A recent Law 360 story by Linda Chiem, “Virgin Asks 9th Circ. To Ax $6M Atty Fee in Wage Spat” reports that Alaska Airlines and Virgin America asked the Ninth Circuit to vacate nearly $6 million in fees awarded to attorneys for a certified class of flight attendants who won $77 million in a long-running dispute over pay and rest breaks. Virgin America Inc., which merged with Alaska Airlines Inc., filed an opening brief with the Ninth Circuit claiming that U.S. District Judge Jon S. Tigar in January signed off on $5.7 million in fees for the plaintiffs' attorneys without digging into whether their hours and calculations were properly justified.
The attorneys, who initially requested $13.2 million, but were awarded less than half that, are representing named plaintiff Julia Bernstein and flight attendants alleging Virgin America flouted California labor laws by not paying them for all hours worked, including overtime, and denying them state-mandated meal and rest breaks.
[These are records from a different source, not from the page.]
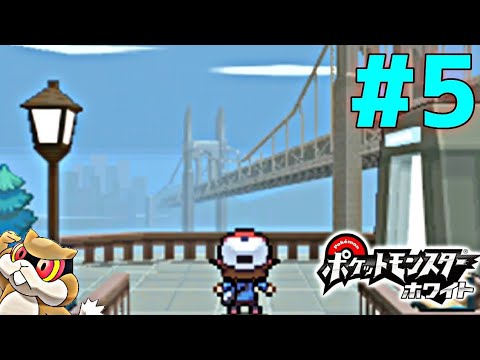 ミネズミ一匹で全クリするポケモンBW【ポケモンホワイト実況】PART5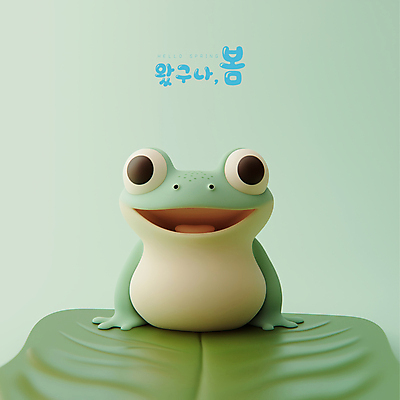 PSD 편집이미지 잎 미소 사람없음 3D 귀여움 봄 개구리캐릭터 경칩 편집3D 식물 계절 동물캐릭터 컨셉 표정 개구리 절기 디지털합성 파일형식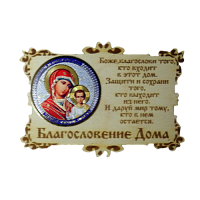 ИКОНА-МАГНИТ "КАЗАНСКАЯ" во Белгороде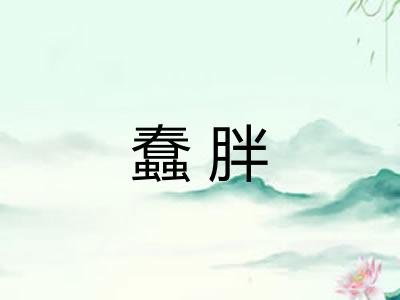 蠢胖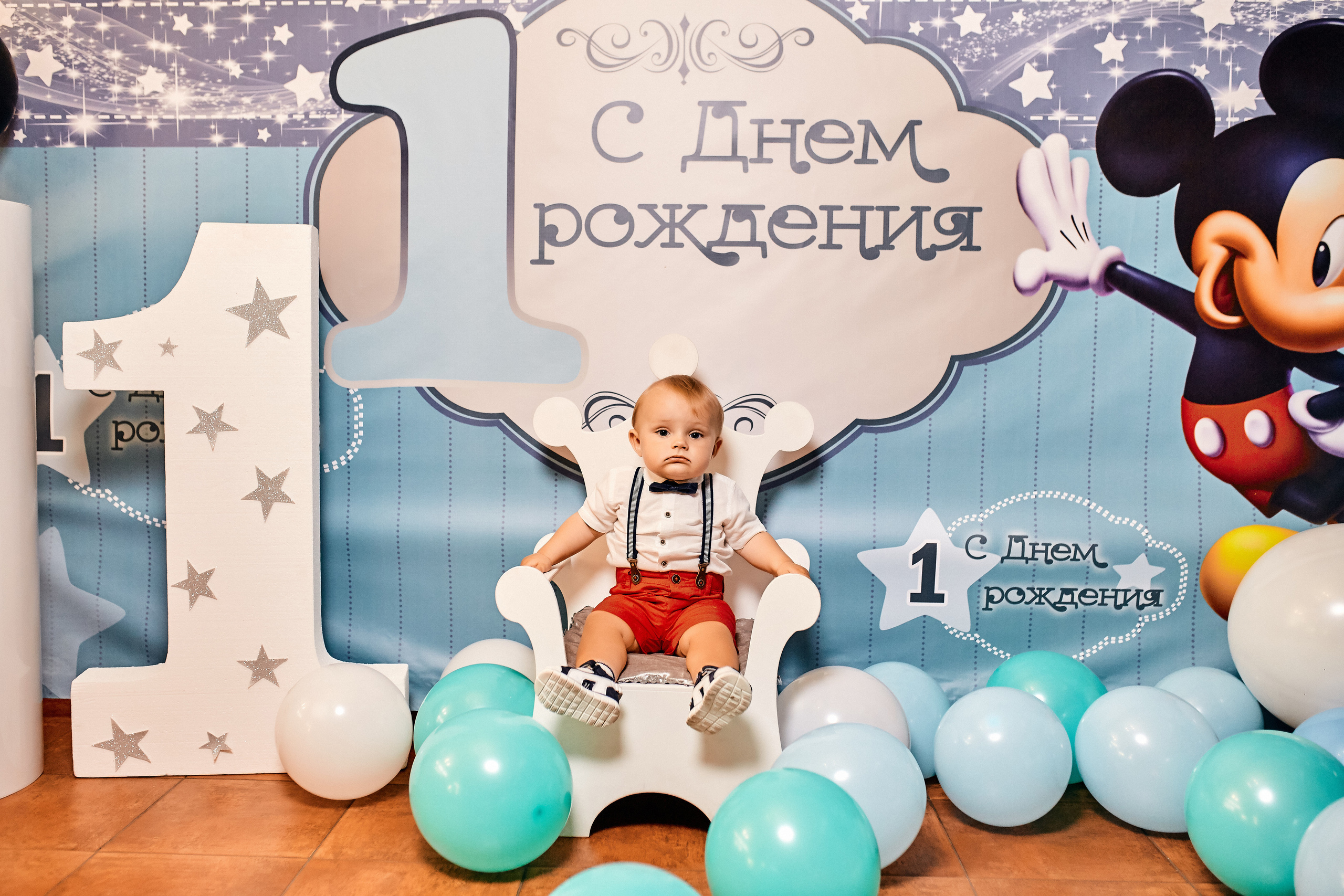 Съемка годика в Днепре. Годовасие. Первый годик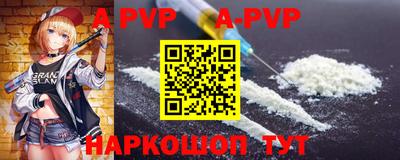 прущие крисы Гагарин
Judge Tigar had acknowledged that the attorney fee application was too vague, saying "the level of specificity at which plaintiffs have documented their time makes it difficult or impossible for Virgin to raise certain challenges that courts have found justified partial reductions in other cases."
Despite that critical flaw, according to the airline, the court accepted all of the hours that the plaintiffs' counsel claimed and awarded a $5.7 million fee award, subject to only a 5% general reduction in hours. "That decision cannot stand," the airline said in the brief. "Because the lack of detail in the fee application deprived Virgin of a fair adversarial process and did not allow meaningful judicial review, the fee award must be vacated for that reason alone."
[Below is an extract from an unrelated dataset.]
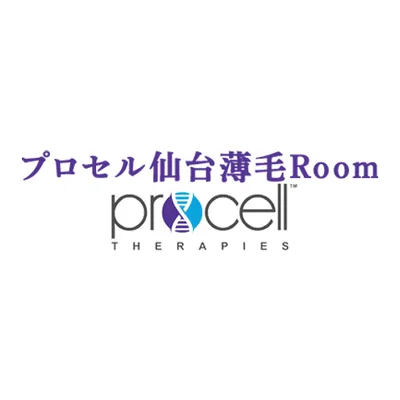 Procell Sendai Hair Loss Room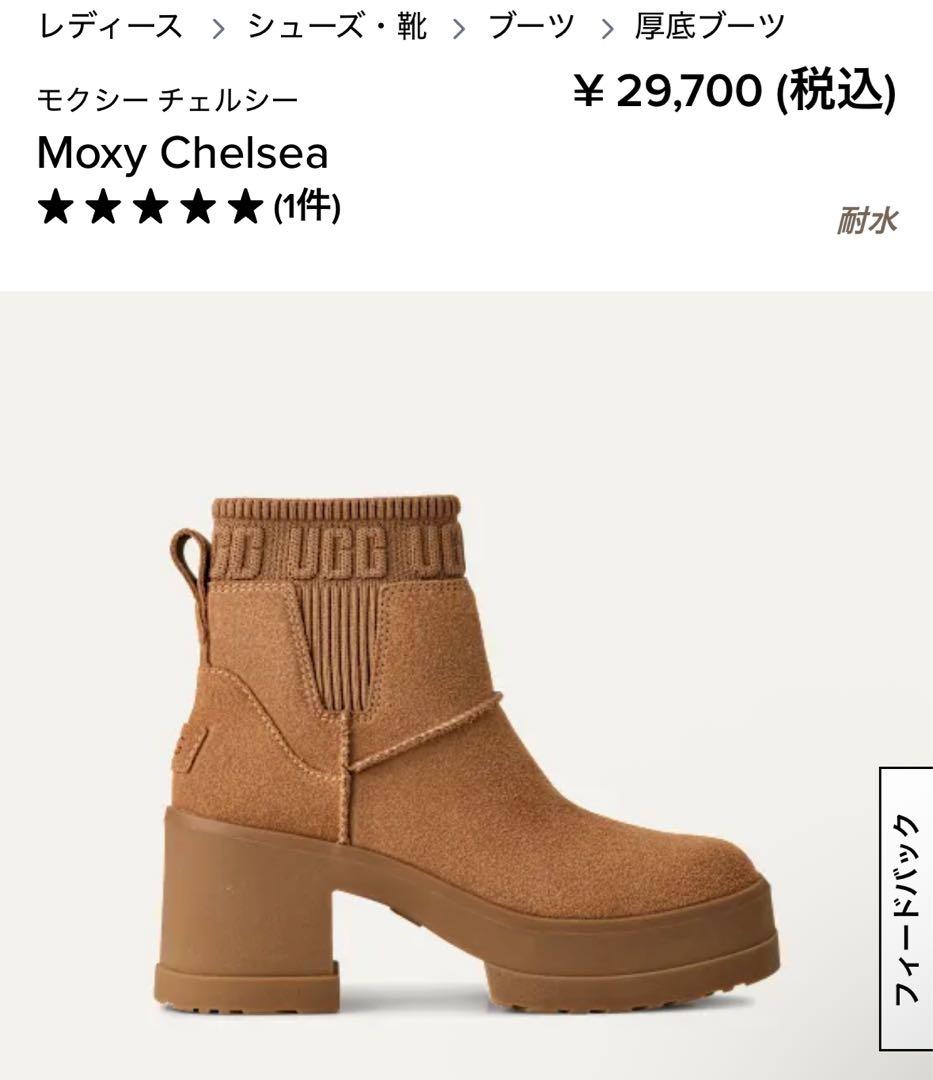 UGG Moxy Chelsea モクシー チェルシー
Moreover, the class counsel's flawed lodestar consisted of nearly 4,500 hours of billable time, most of which was billed at an absolute "top of the market" rate of $750 per hour, according to the brief. On top of that, Judge Tigar improperly approved $251,000 in court-related expenses for the plaintiffs' attorneys, Virgin argued. "Most of the expenses that the district court awarded were for 'expert fees,' which are not recoverable under black-letter California law," the airline said. "In addition, the district court erred by ignoring the rule that a party cannot recover expenses without submitting an itemized list and accompanying receipts. The district court did not identify any exception to this rule, and it candidly acknowledged that plaintiffs' counsel failed to comply with it. But the court awarded expenses anyway."